▶ [EXERCISE AIM]: Copy out exactly the lines from the one containing "sea turtle swimming tattoo design idea" through the end of the records, and no pictures.

▶ [PROVIDED RECORDS]:
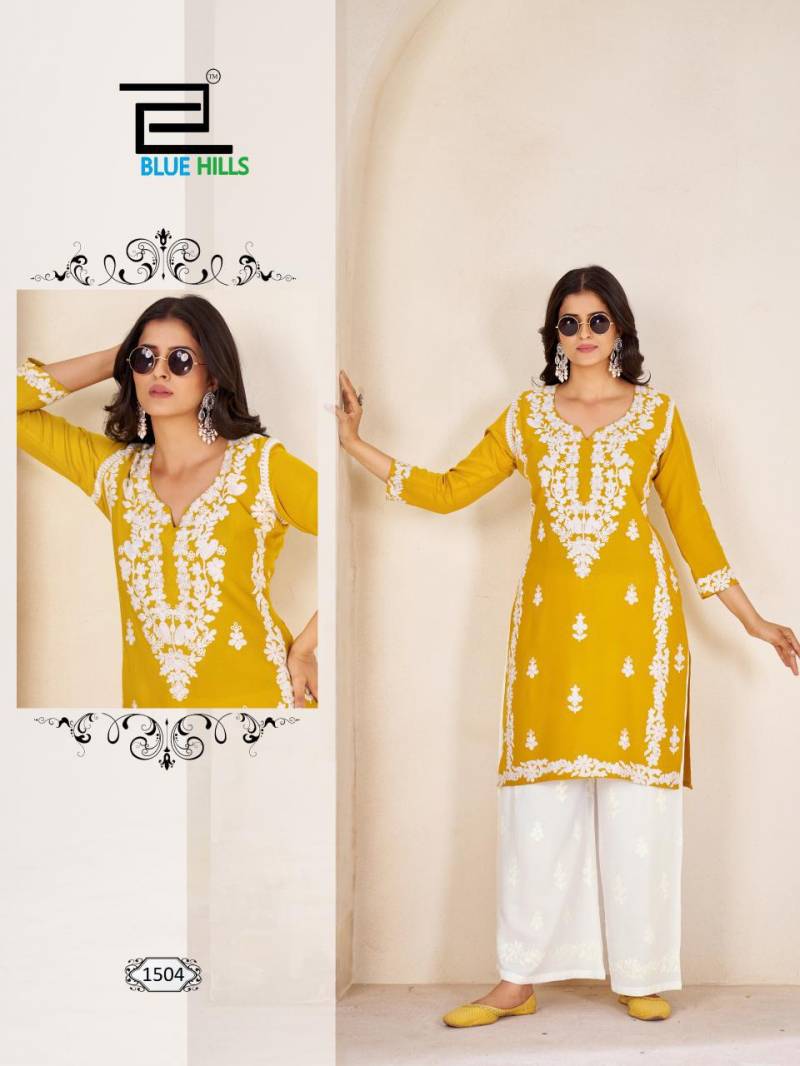 Blue Hills Victoria Vol 15 Rayon Kurti With Plazzo Collection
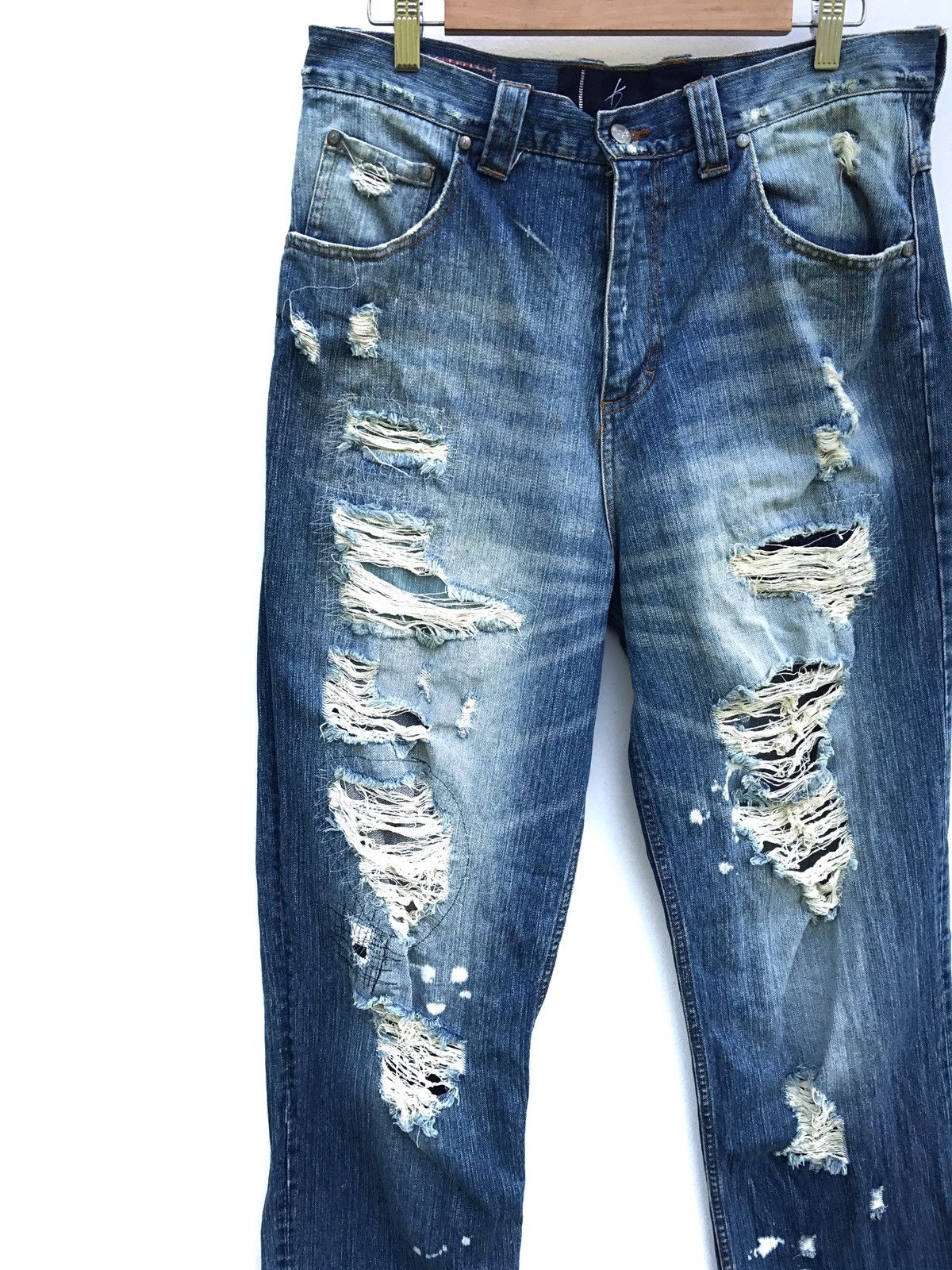 Karl Kani Karl Kani Distressed Jeans Destroyed Denim Streetwear Pants Size US 32 / EU 48 - 2 Thumbnail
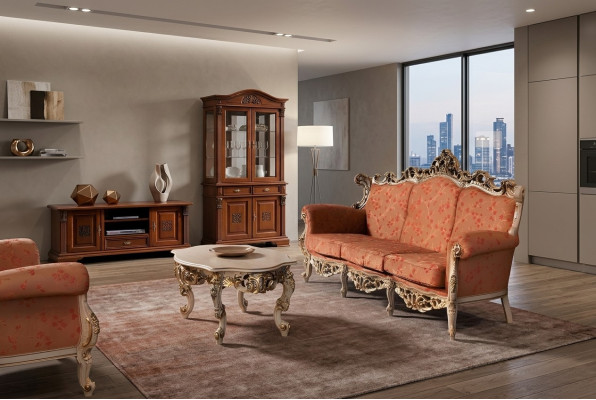 Designer 321 Canapé 3 places Ensemble de canapé Rembourrage Mobilier italien Canapé Bois massif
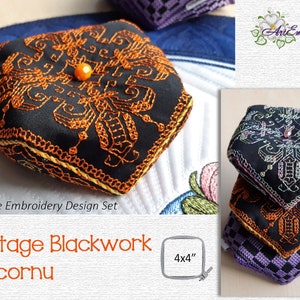 Vintage Blackwork Biscornu and  Greeting card -  Machine Embroidery Project Designs Set for hoop 4x4&quot;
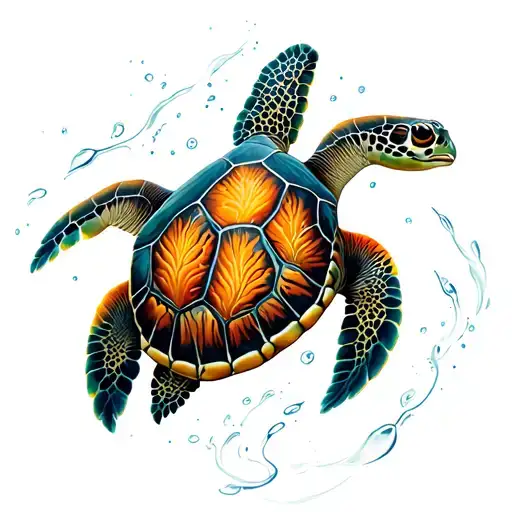 sea turtle swimming tattoo design idea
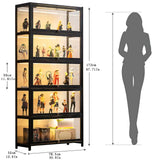 ouioyggk Display Cabinet with Acrylic Glass Door, 5-Tier Curio Display Case, Collectibles Toy Organizers Rack & Display Shelf, Kids Bookcase for Home, Office, Playroom, Living Room, Black ouioyggk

▶ [OUTPUT]:
 sea turtle swimming tattoo design idea
 ouioyggk Display Cabinet with Acrylic Glass Door, 5-Tier Curio Display Case, Collectibles Toy Organizers Rack & Display Shelf, Kids Bookcase for Home, Office, Playroom, Living Room, Black ouioyggk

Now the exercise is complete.